──────── SUPPLIED MATERIAL

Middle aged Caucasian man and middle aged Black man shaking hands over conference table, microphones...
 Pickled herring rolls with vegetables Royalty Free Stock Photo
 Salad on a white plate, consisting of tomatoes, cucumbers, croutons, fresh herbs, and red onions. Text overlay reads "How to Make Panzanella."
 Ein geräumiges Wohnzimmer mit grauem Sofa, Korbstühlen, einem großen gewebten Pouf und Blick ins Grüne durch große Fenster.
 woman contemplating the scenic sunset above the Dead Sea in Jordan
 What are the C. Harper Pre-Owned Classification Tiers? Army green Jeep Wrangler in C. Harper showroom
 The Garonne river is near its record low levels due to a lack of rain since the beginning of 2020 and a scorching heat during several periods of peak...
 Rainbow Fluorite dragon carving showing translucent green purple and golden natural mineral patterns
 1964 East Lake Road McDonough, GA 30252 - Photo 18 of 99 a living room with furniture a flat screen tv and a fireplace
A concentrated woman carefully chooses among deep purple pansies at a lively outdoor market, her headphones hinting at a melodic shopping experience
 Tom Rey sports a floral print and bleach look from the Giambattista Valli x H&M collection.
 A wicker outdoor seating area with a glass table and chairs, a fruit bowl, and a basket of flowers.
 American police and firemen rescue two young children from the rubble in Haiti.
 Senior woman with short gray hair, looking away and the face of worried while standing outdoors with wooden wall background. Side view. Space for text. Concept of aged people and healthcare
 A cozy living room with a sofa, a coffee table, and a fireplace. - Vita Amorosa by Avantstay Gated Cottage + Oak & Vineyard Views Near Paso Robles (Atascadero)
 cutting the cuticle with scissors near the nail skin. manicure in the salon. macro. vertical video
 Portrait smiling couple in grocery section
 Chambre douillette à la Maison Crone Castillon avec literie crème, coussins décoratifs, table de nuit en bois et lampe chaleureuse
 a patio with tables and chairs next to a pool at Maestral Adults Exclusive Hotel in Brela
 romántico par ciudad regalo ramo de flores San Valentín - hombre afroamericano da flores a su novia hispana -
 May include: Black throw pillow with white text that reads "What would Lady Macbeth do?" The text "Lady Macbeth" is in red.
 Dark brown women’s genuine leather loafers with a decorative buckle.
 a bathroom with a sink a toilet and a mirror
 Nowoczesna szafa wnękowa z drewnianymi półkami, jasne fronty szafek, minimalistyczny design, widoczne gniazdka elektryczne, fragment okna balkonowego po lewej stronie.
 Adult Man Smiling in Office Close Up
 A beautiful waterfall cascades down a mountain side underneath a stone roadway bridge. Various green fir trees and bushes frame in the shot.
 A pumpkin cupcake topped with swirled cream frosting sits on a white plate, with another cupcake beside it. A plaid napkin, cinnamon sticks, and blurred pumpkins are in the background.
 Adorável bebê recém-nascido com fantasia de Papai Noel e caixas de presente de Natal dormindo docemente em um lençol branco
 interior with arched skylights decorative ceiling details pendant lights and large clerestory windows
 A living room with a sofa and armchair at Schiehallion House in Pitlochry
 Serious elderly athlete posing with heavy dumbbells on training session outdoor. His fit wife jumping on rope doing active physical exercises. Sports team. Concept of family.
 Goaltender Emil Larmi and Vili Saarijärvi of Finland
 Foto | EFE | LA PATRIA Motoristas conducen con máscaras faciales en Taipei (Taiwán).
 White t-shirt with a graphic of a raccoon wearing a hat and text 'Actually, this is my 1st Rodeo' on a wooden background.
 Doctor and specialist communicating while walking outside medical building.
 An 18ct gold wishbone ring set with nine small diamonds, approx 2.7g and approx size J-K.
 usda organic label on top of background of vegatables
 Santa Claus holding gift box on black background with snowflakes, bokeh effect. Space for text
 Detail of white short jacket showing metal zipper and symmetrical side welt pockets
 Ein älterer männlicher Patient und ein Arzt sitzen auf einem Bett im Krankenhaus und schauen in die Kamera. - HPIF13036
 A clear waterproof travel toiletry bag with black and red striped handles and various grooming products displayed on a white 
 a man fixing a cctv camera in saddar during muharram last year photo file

────────────────

TASK DIRECTIONS:
If a line comes after the one with "Chambre douillette à", leave it out; reproduce exactly every line of the material from the first up to and including that one.

OUTPUT:
Middle aged Caucasian man and middle aged Black man shaking hands over conference table, microphones...
 Pickled herring rolls with vegetables Royalty Free Stock Photo
 Salad on a white plate, consisting of tomatoes, cucumbers, croutons, fresh herbs, and red onions. Text overlay reads "How to Make Panzanella."
 Ein geräumiges Wohnzimmer mit grauem Sofa, Korbstühlen, einem großen gewebten Pouf und Blick ins Grüne durch große Fenster.
 woman contemplating the scenic sunset above the Dead Sea in Jordan
 What are the C. Harper Pre-Owned Classification Tiers? Army green Jeep Wrangler in C. Harper showroom
 The Garonne river is near its record low levels due to a lack of rain since the beginning of 2020 and a scorching heat during several periods of peak...
 Rainbow Fluorite dragon carving showing translucent green purple and golden natural mineral patterns
 1964 East Lake Road McDonough, GA 30252 - Photo 18 of 99 a living room with furniture a flat screen tv and a fireplace
A concentrated woman carefully chooses among deep purple pansies at a lively outdoor market, her headphones hinting at a melodic shopping experience
 Tom Rey sports a floral print and bleach look from the Giambattista Valli x H&M collection.
 A wicker outdoor seating area with a glass table and chairs, a fruit bowl, and a basket of flowers.
 American police and firemen rescue two young children from the rubble in Haiti.
 Senior woman with short gray hair, looking away and the face of worried while standing outdoors with wooden wall background. Side view. Space for text. Concept of aged people and healthcare
 A cozy living room with a sofa, a coffee table, and a fireplace. - Vita Amorosa by Avantstay Gated Cottage + Oak & Vineyard Views Near Paso Robles (Atascadero)
 cutting the cuticle with scissors near the nail skin. manicure in the salon. macro. vertical video
 Portrait smiling couple in grocery section
 Chambre douillette à la Maison Crone Castillon avec literie crème, coussins décoratifs, table de nuit en bois et lampe chaleureuse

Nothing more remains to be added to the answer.